The Civic Party had hoped its replacement candidate, Alvin Yeung, could win but Ronny Tong has declined to endorse him. Leung will no doubt earn some sympathy votes and these should set him apart from the field of lesser-known independents and moderates … while the pro-Beijing camp stands to gain as usual and is pulling out all the stops as usual. Their one and only candidate is Holden Chow, long involved in youth work and now vice-chair of the main pro-Beijing party, Democratic Alliance for the Betterment and Progress of Hong Kong (DAB).
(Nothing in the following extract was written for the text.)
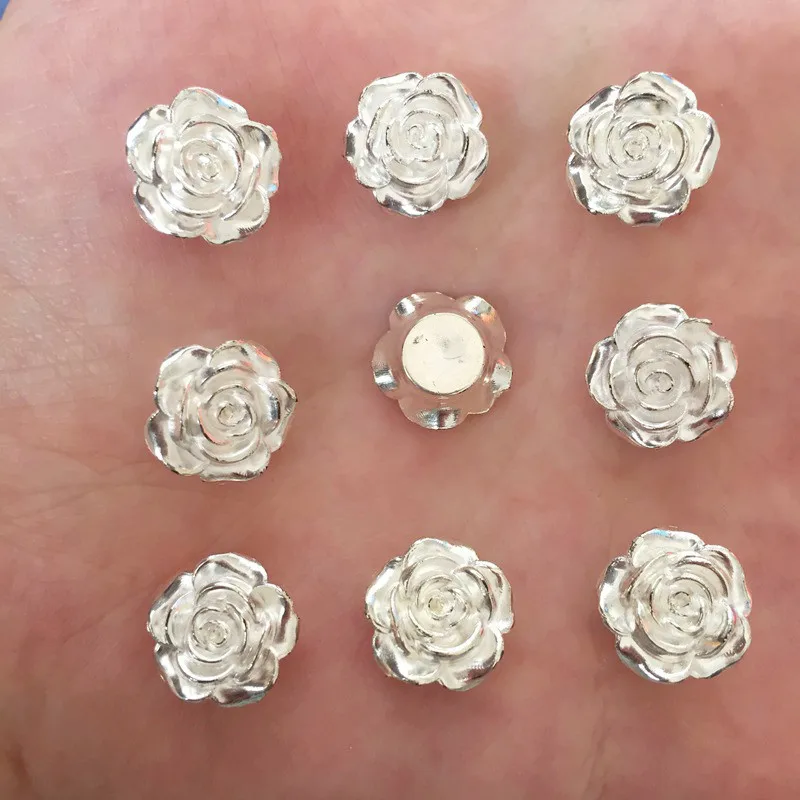 Hot 80PCS 12mm Resin Flower Flatback Stone Embellishment DIY Beads Crafts Scrapbook K470*2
Edward Leung must understand the reasons for Beijing’s focus on Hong Kong’s Legislative Council. Officials have given the DAB a mission: win the five seats needed to achieve a veto-proof two-thirds super-majority in the council. Beijing’s intentions are no secret and deliberations among the potential by-election candidates continued for weeks. Everyone knows the stakes.
Yet despite localists’ disdain for Hong Kong’s conventional democratic political parties and politicians, Leung has succumbed to one of their greatest temptations … using elections to draw attention to their individual groups instead of running to win and using other means to generate public opinion.
If Holden Chow wins the seat on February 28, he won’t likely lose it in September. The pro-Beijing machine can see to that. And Beijing’s first debt of gratitude will not be to Hong Kong voters or the DAB. First credits will go to Hong Kong’s fragmented democratic opposition and especially to its newest recruit, Edward Leung.
* South China Morning Post, Feb. 16, carried a long backgrounder on the district. But for readers without an online subscription, the paper won’t come formally under new “Alibaba” management until April so the SCMP paywall won’t come down until then.